Durante seu pontificado, seu nome esteve envolvido em escândalos de pedofilia na igreja. Um relatório independente publicado em janeiro de 2022 acusava o Papa emérito de encobrir casos de abusos sexuais contra crianças na Igreja Católica da Alemanha. Segundo o documento, Bento XVI, então Arcebispo de Munique e Freising de 1977 a 1982, não teria impedido que um padre abusasse de quatro meninos.

Pouco depois, em fevereiro do mesmo ano, Bento XVI escreveu uma carta, divulgada pelo Vaticano, em que pedia perdão por esses crimes cometidos por terceiros. “Tive grandes responsabilidades na Igreja Católica. A maior delas é a minha dor pelos abusos e erros que ocorreram em diferentes lugares durante o meu mandato”, escreveu ele.

“Mais uma vez, só posso expressar a todas as vítimas de abuso sexual minha profunda vergonha, minha profunda tristeza e meu sincero pedido de perdão”, continuou Bento XVI, ao falar sobre faltas graves cometidas por fiéis.

Conservador, Bento XVI não tinha o carisma de outros pontífices, como João Paulo II e o Papa Francisco, mas apostava na intelectualidade e na sobriedade em suas palavras e posturas durante as homilias. Poliglota, falava ao menos seis idiomas, como alemão, italiano, francês, latim, inglês e espanhol, com conhecimentos de português, grego antigo e hebraico.
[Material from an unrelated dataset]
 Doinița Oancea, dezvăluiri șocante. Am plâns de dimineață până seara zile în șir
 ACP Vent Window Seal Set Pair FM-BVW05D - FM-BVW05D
Amante da música, Bento XVI tocava piano e preferia os clássicos, como Mozart e Bach. Antes dele, o último Papa a adotar esse nome foi Bento XV, à frente do cargo de 1914 a 1922, exercendo seu pontificado durante a Primeira Guerra Mundial.

Um tempo entre os nazistas

O jovem Joseph Ratzinger tinha 12 anos quando a Segunda Guerra Mundial começou, em 1939. Por ser tão novo, não foi chamado imediatamente para servir aos nazistas. Mas a situação mudou de figura quando, em 1943, aos 16 anos, o exército de Hitler convocou Ratzinger – já seminarista – a realizar “trabalhos auxiliares” junto com os militares. Nesse momento, começou a saga junto aos nazistas, embora Ratzinger e sua família nunca tenham apoiado Hitler e seus seguidores.

A ligação forçada com os nazistas é narrada, em detalhes, na biografia “Bento XVI – O Guardião da Fé” (Record), de Andrea Tornielli. Naquela época, como afirma o livro, Ratzinger acabou morando com militares e chegou a atuar em serviços antiáreos em Munique, até que, um ano mais tarde, foi convocado para o “serviço de trabalho do Reich”.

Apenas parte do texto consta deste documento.